BoofCV Android Demo Application

I recently wrote an application to demonstrate some of the capabilities BoofCV on Android.  BoofCV is an open source computer vision library that I’m working on written entirely in Java.  The v0.13 update to BoofCV added functions for converting NV21 images (camera preview format) into BoofCV data types and provided Android specific visualization code.  The end result is that it is now easier to write fast real-time image processing applications on Android using BoofCV.  The source code for the demo application has also be released without restrictions.

General Tips

  • Cell phone cameras are poor quality and suffer from motion blur and rolling shutters.
  • Everything will work better when viewed with good lighting, allowing for faster shutter speeds.
  • When selecting images for association you can swipe to remove previous selection.  Also try tapping and double tapping.
  • Image mosaic and stabilization work best when viewing far away objects, pure rotations, and planar surfaces.
  • When tapping the screen to capture an image, do so gently or else the image will be blurred.
  • On slower devices, pressing the back button to leave a slow process can crash the app and require you to manually kill it.
  • Changing the camera preview size to “large” images can cause out of memory exceptions.

Camera Calibration

Detected square grid pattern.  Red dots show calibration points.

Detected square grid pattern. Red dots show calibration points.

Camera calibration is required for 3D vision applications.  It will allow radial lens distortion to be removed and other intrinsic camera parameters to be known.  To calibrate the camera print out a calibration grid and follow the general instructions from the link below.  Note that the printed image can be rescaled for this application.

After you have printed the calibration target, take pictures of it (by gently tapping the screen) from at least 5 different views and angles.  Most of the pictures should be taken from about 30 degree angle.  When you are done taking pictures, press the “Compute” button to find the intrinsic parameters.  When taking pictures it is recommended that you are sitting down on the ground holding your Android device with both hands.  This is more stable and reduces motion blur, greatly reducing the frustration factor.  Try to fill as much of the screen as possible with the calibration target and if one looks like it might be blurred click the remove button.  On my Sampson Galaxy S3 and Droid 2 I get about 0.2 pixels mean error on good runs and more than a pixel error when things go badly.



Stereo depth image computed from two views of the same object.
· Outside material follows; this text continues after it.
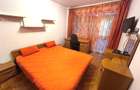 Apartament 2 camere la 5 min de metrou Bucur Obor - 4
Warmer colors indicate closer objects and color farther away.

Stereo vision allows the scene’s 3D structure to be computed.  This is accomplished using a single camera using taking pictures of the same object two times from two different points of view.  Camera calibration is required before stereo vision can be computed since lens distortion must be removed.  On a Droid 2 cell phone (phone from around 2010/2011) the whole process can take 25 seconds or so, but on a Galaxy S3 (phone from 2012) it only takes four seconds.

To compute a stereo depth image first tap the screen to take a picture. Then move the camera left or right with a little rotation, up/down, and forwards/backwards motion as possible.  How far you should move the camera depends on how far away the objects are.  For close objects 1cm is often good and for objects a few feet away (1 meter) 3cm/1inch works well.  Moving the camera too much tends to be a more common mistake than moving it too little.  It will probably take you a few tries to get a good image.  Also make sure the scene has good texture or else it won’t work.

 Video Mosaic

Mosaic created by moving the camera over a flat table top.

Mosaic created by moving the camera over a flat table top.

Creating a good mosaic can be difficult, with motion blur being the primary culprit.  There is a reason why image stitching software on Android devices use still images.  However with some practice and the right environment you can get some good results.  See the image above.

Remember that it won’t work if you are close up to a complex 3D scene and translating the camera.  Instead try pivoting the camera or working off of far away objects.  Slowly moving the camera also helps.

Rovio to 3D Stereo Point Clouds


This disparity image was created using a single Rovio robot by taking pictures from two different locations.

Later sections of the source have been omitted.